You can also access the Column from DataFrame by multiple ways.


data=[("James",23),("Ann",40)]
df=spark.createDataFrame(data).toDF("name.fname","gender")
df.printSchema()
#root
# |-- name.fname: string (nullable = true)
# |-- gender: long (nullable = true)

# Using DataFrame object (df)
df.select(df.gender).show()
df.select(df["gender"]).show()
#Accessing column name with dot (with backticks)
df.select(df["`name.fname`"]).show()

#Using SQL col() function
from pyspark.sql.functions import col
df.select(col("gender")).show()
#Accessing column name with dot (with backticks)
df.select(col("`name.fname`")).show()

Below example demonstrates accessing struct type columns. Here I have use PySpark Row class to create a struct type. Alternatively you can also create it by using PySpark StructType & StructField classes


#Create DataFrame with struct using Row class
from pyspark.sql import Row
data=[Row(name="James",prop=Row(hair="black",eye="blue")),
      Row(name="Ann",prop=Row(hair="grey",eye="black"))]
df=spark.createDataFrame(data)
df.printSchema()
#root
# |-- name: string (nullable = true)
# |-- prop: struct (nullable = true)
# |    |-- hair: string (nullable = true)
# |    |-- eye: string (nullable = true)

#Access struct column
df.select(df.prop.hair).show()
df.select(df["prop.hair"]).show()
df.select(col("prop.hair")).show()

#Access all columns from struct
df.select(col("prop.*")).show()

2. PySpark Column Operators

PySpark column also provides a way to do arithmetic operations on columns using operators.

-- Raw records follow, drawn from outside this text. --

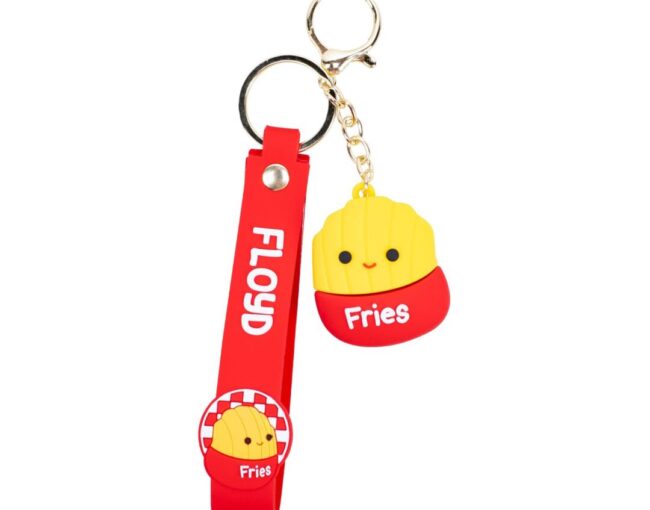 Fizz Squishmallows - Floyd Wristlet Keyring in CDU (350153)
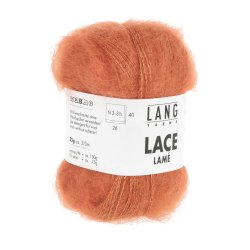Lang Yarns - Lace Lam Fv. 59 Orange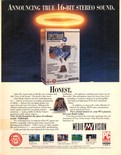 Winter 1992 magazine ad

data=[(100,2,1),(200,3,4),(300,4,4)]
df=spark.createDataFrame(data).toDF("col1","col2","col3")

#Arthmetic operations
df.select(df.col1 + df.col2).show()
df.select(df.col1 - df.col2).show() 
df.select(df.col1 * df.col2).show()
df.select(df.col1 / df.col2).show()
df.select(df.col1 % df.col2).show()

df.select(df.col2 > df.col3).show()
df.select(df.col2 < df.col3).show()
df.select(df.col2 == df.col3).show()

3. PySpark Column Functions

Let’s see some of the most used Column Functions, on below table, I have grouped related functions together to make it easy, click on the link for examples.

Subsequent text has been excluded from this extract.